*** Data ***

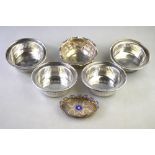 A Continental low grade white metal oval miniature filigree tray with enamel decoration,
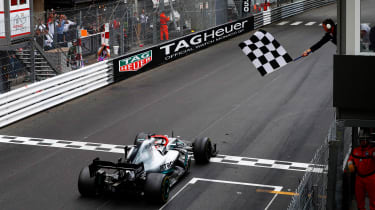 F1 car crossing the finish line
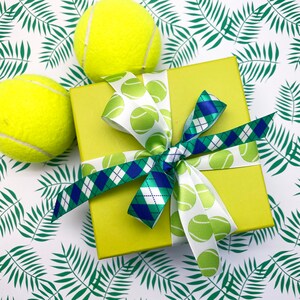 Puede incluir: Una caja de regalo verde con una cinta a cuadros blanco y azul y una cinta blanca con dise&ntilde;os de pelotas de tenis. La caja est&aacute; sobre un fondo blanco con dise&ntilde;os de hojas de palmera verdes.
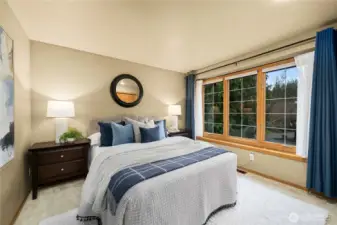Upstairs bedroom with pleasant neighborhood views, offering natural light and a comfortable setting
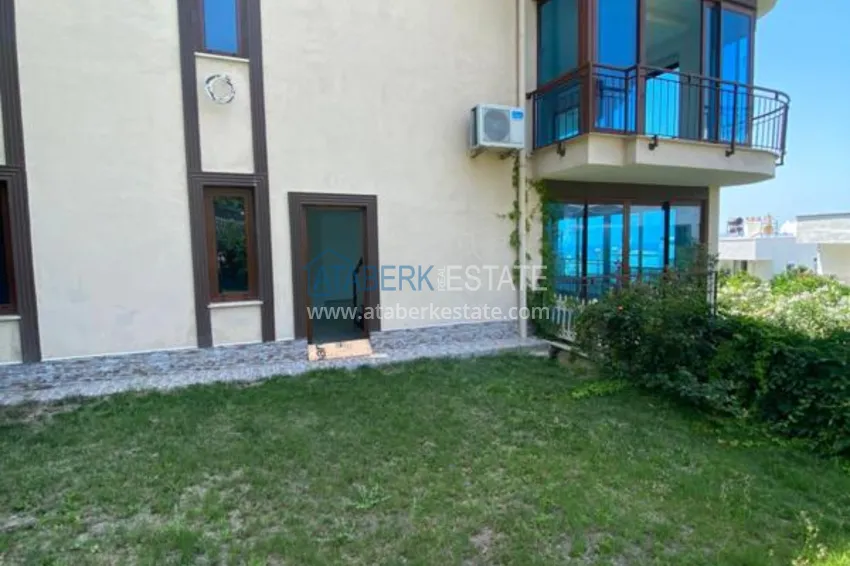 Luxurious duplex apartment with garden access and sea views in Kargicak 20 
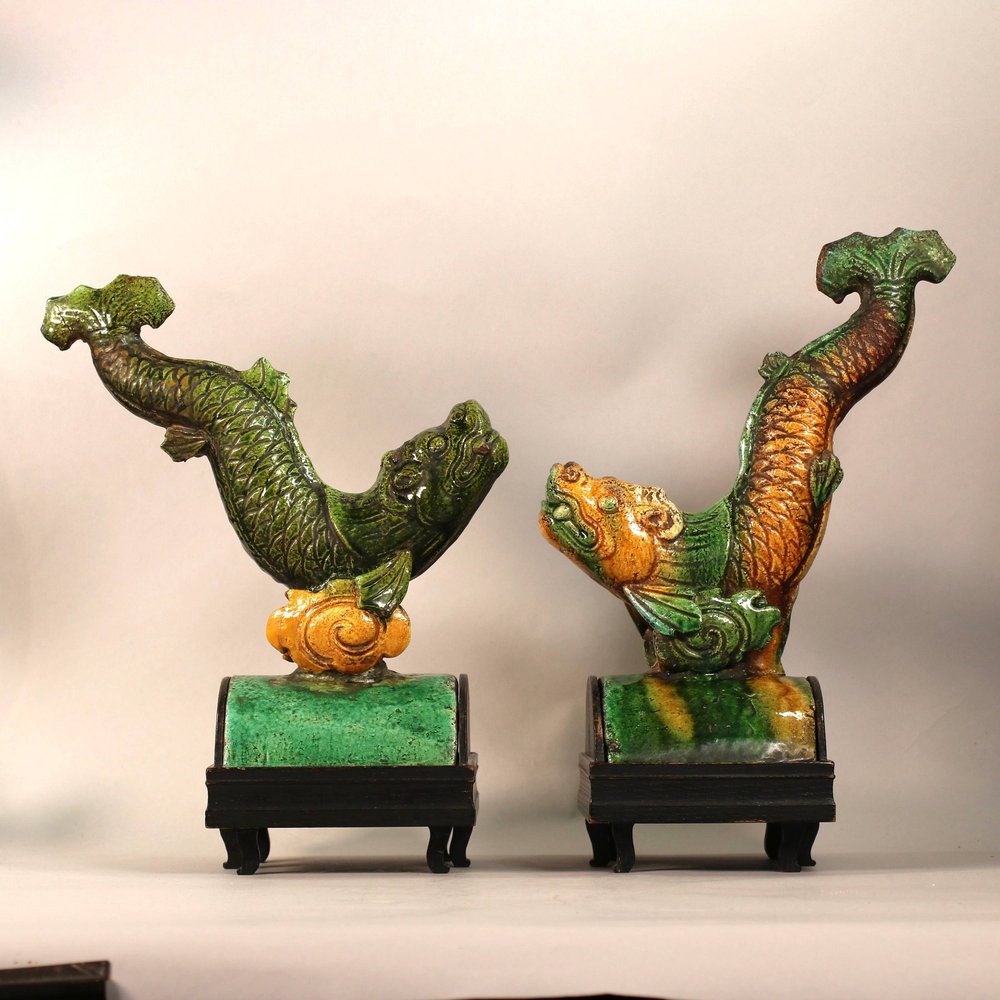 W990 Pair of MIng tile figures in the form of dynamic leaping carp in lead green and yellow glazed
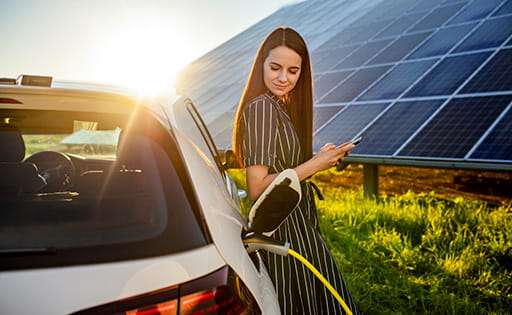 Close up of a woman holding a mobile phone charging an electric vehicle with cable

*** End of Data ***

Restate word for word the lines from the one with "Luxurious duplex apartment" to the end of the material, both included. Do not include the pictures.

 Luxurious duplex apartment with garden access and sea views in Kargicak 20 
 W990 Pair of MIng tile figures in the form of dynamic leaping carp in lead green and yellow glazed
 Close up of a woman holding a mobile phone charging an electric vehicle with cable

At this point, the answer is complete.